Canada’s BlackBerry Ltd, reported better-than-expected quarterly earnings on Friday, as operating costs nearly halved, and said it expects to be profitable on an adjusted basis in 2018.

The company’s U.S.-listed shares were up nearly 5 percent at $7.29 before the bell.

BlackBerry has shifted away from making its once-iconic smartphones to building a software business, which includes mobile device management products and the QNX industrial operating system.

The company’s adjusted revenue from software and services rose 12.2 percent to $193 million in the fourth quarter ended Feb. 28, from the preceding quarter.

BlackBerry said it received more than 3,500 enterprise customer orders in the quarter.

“Looking ahead to fiscal 2018, we expect to grow at or above the overall market in our software business,” Blackberry Chief Executive John Chen said in a statement.

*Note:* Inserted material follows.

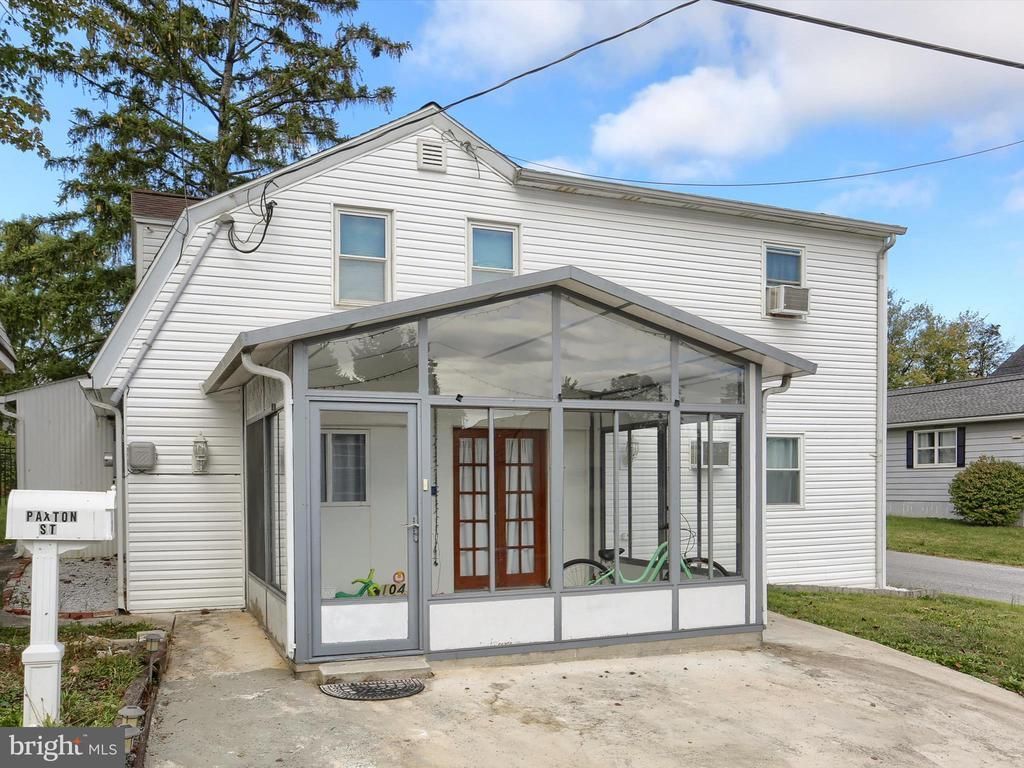 104 Paxton Street, Highspire, PA 17034 Main Photo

Chen said BlackBerry expected to be profitable on an adjusted basis and generate positive free cash flow for the year ending February 2018.

The Waterloo, Ontario-based company’s net loss narrowed to $47 million or 10 cents per share in the fourth quarter, from $238 million or 45 cents per share, a year earlier.

The prior-year quarter included a loss of $127 million related to the sale of certain assets.

Excluding one-time items, the company earned 4 cents per share. Analysts on average had expected the company to break even, according to Thomson Reuters I/B/E/S.

Operating expenses fell about 49 percent to $229 million.

Revenue fell about 38 percent to $286 million. On an adjusted basis, revenue was $297 million, beating analysts’ average expectation of $289.3 million.

(Reporting by Vishaka George and Narottam Medhora in Bengaluru; Editing by Sai Sachin Ravikumar)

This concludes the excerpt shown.